A faithful copy of the data is what is wanted, minus any pictures.

[Scraped caption text data]
▼
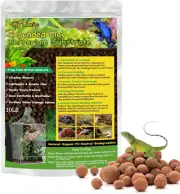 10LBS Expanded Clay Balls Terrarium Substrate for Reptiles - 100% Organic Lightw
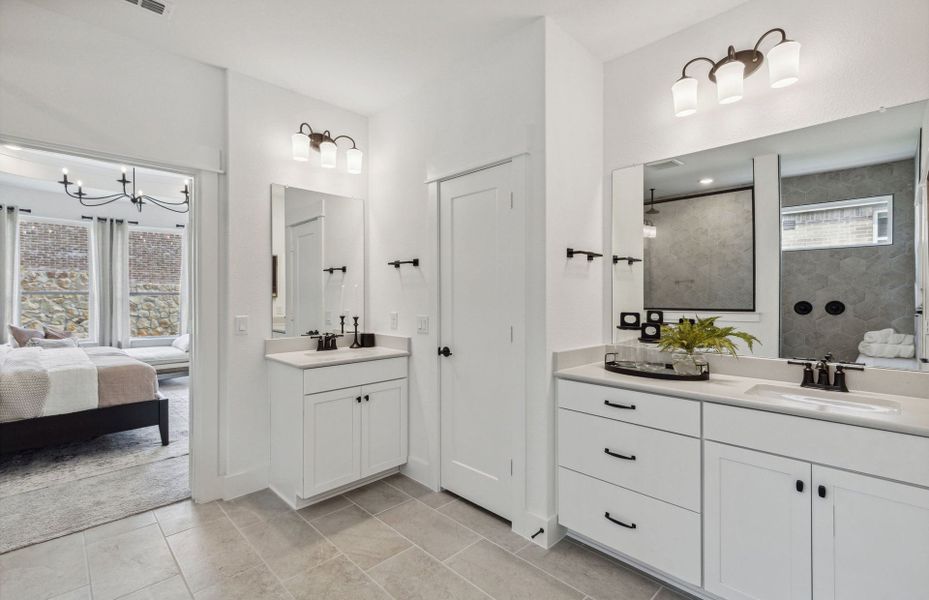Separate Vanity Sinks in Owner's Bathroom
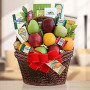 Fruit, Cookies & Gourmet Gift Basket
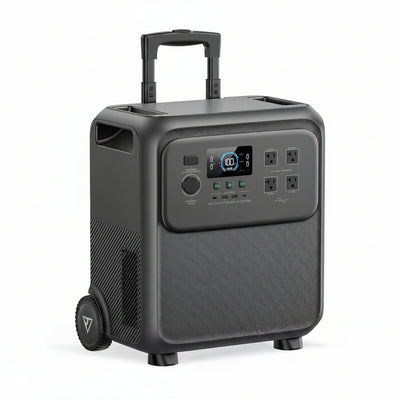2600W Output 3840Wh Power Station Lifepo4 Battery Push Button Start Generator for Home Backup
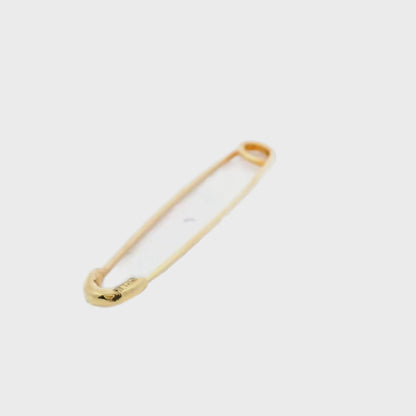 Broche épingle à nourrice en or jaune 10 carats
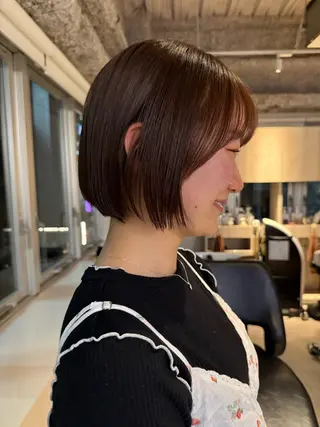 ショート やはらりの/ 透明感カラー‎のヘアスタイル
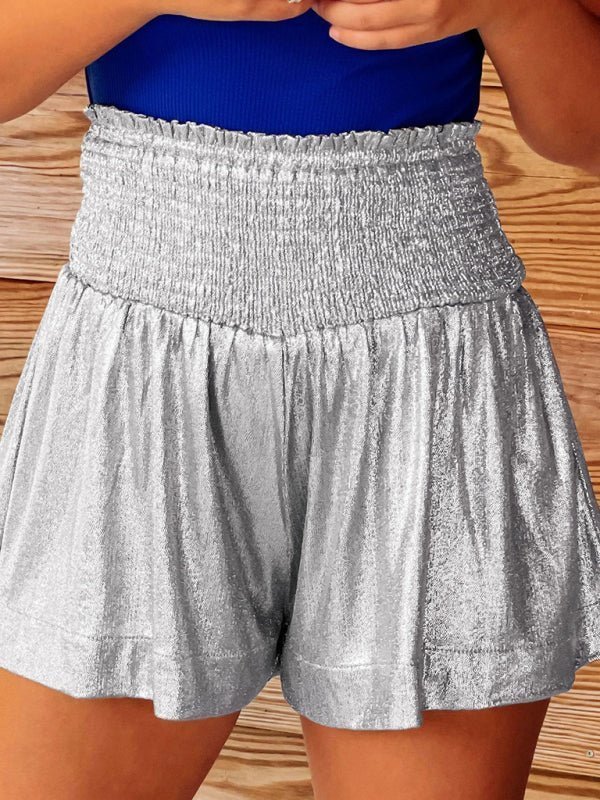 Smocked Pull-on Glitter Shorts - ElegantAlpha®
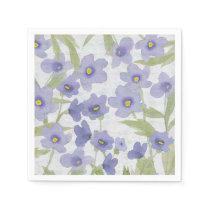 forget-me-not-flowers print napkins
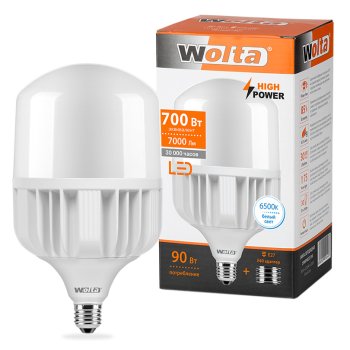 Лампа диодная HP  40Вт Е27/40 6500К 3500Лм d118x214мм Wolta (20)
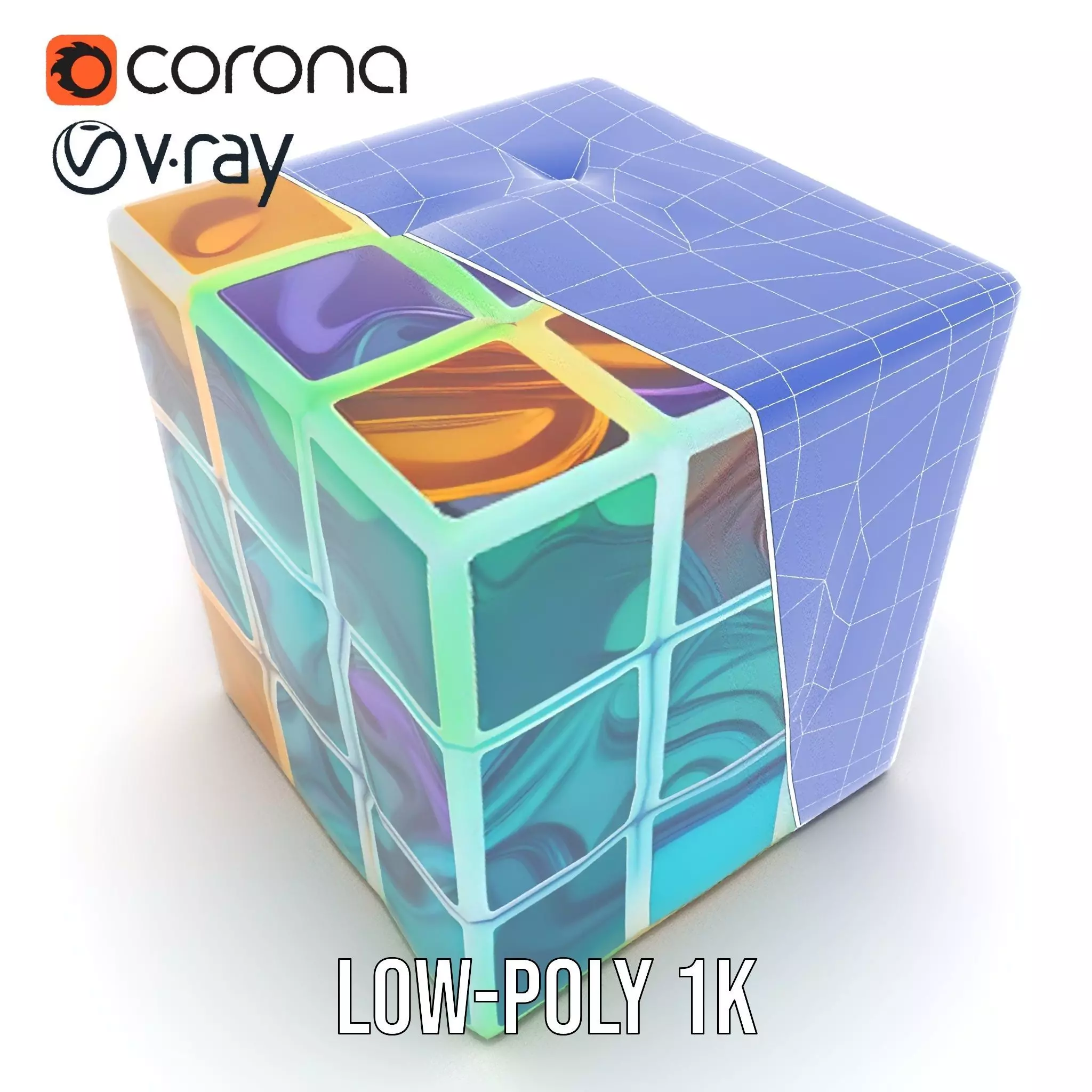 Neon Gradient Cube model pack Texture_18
▲
Solution below:
 10LBS Expanded Clay Balls Terrarium Substrate for Reptiles - 100% Organic Lightw
Separate Vanity Sinks in Owner's Bathroom
 Fruit, Cookies & Gourmet Gift Basket
2600W Output 3840Wh Power Station Lifepo4 Battery Push Button Start Generator for Home Backup
 Broche épingle à nourrice en or jaune 10 carats
 ショート やはらりの/ 透明感カラー‎のヘアスタイル
 Smocked Pull-on Glitter Shorts - ElegantAlpha®
 forget-me-not-flowers print napkins
 Лампа диодная HP  40Вт Е27/40 6500К 3500Лм d118x214мм Wolta (20)
 Neon Gradient Cube model pack Texture_18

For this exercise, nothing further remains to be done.